The above-standing text says: Davitt Stöllinger’s child was baptized Daniel; gaffer is Wolf Purchstaller in Sämething.
Insight into the history of Kallham
By Alois Leeb
Historical records on the smaller towns in the country of upper Austria were not kept before implementation of Christendom and were scarce in the beginning. The Bavarians, who were residents of this region at that time, adopted Christendom in the last years of the 7th century. It was the bishop of Worms who first came to Bavaria in 696 and perhaps also to upper Austria in order to spread the Christian religion.
However, we can assume that Kallham was populated much earlier already – perhaps already in times of the Roman Empire, as the road the Romans had built from Eferding to Braunau was near by.

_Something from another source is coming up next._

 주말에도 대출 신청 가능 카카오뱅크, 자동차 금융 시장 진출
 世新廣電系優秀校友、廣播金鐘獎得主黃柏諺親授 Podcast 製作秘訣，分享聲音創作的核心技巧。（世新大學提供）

The town of Kallham was first mentioned in a document in 1120, after that in 1140 and again in 1160. Kallham, however, was mentioned under the name of Chalwenheim in these documents. Kallham gained in historical importance because a so-called ”Ministerialengeschlecht” (lower house of gentry) of the archiepiscopal church of Salzburg had its ancestral seat there. It was called ”de Chalheim”. As the first member of this house, Adalram de Chalewenheim was mentioned in 1120. In 1290, this house was mentioned for the last time, as they settled near Salzburg.
In the year of 1380, there was already mentioned a ”Kalichhaymerpharr”. In a land register from the times of Earl Georg von Schaunberg, around 1500, it was mentioned that there were a residence and a vicarage located in Kallham. The priests of Kallham were aristocratic capitulars and suffragan bishops for centuries.
Already in 1120, Schilddorf, a village near Kallham, was mentioned for the first time. In a document of the convent St. Nicola in Passau, Liutwinus de Schiltdorf was stated as an evidence. In 1130, Aribo de Scildorf was mentioned. Pehring, which is also a village near Kallham, was mentioned in 1140 for the first time. In 1140, the aristocrat Edler von Odechalcus donated his manor ”Perigen” (Pehring) to the convent. In 1120, Rodprecht de Suomotingen was mentioned, another village near Kallham. In 1347, Gertrud, Abbess of Traunkirchen, donated to Elsbeth von Wasen a manor in Wechling (Wachling near Kallham). In 1371’s land register of Schaunberg, the villages Wechling (Wachling), Usting, Panczingen (Penzing) and Weydach (Weiret) were mentioned. In 1421, the ”Tannreiterhof” (name of a manor) was mentioned for the first time. It was an independent property, i. e. not ruled by a lord of the manor.
In 1446, Earl Johann von Schaunberg sold the ”Aschpant” (Aspet) to the publican Leonhard from Kallham. Pawczenberg is called Pauzenberg today, Kainzing, which is near Kallham, was called Khuenzing at that time. In 1455, The ”Riemergut” and ”Vaterheimergut” (two manors) in Khunzing were mentioned in an inheritance contract with King Lasla. In 1493, Hanns Vatersheimer donated the ”Kallhamer-Benefizium”. The Vatersheimers were a lower house of gentry. As their ancestral seat, the village of Vatersheim near Taufkirchen was mentioned. Their armorial bearings showed three rings in a buckler. The last descendant of this house was buried in the St Wolfgang’s church in Kallham.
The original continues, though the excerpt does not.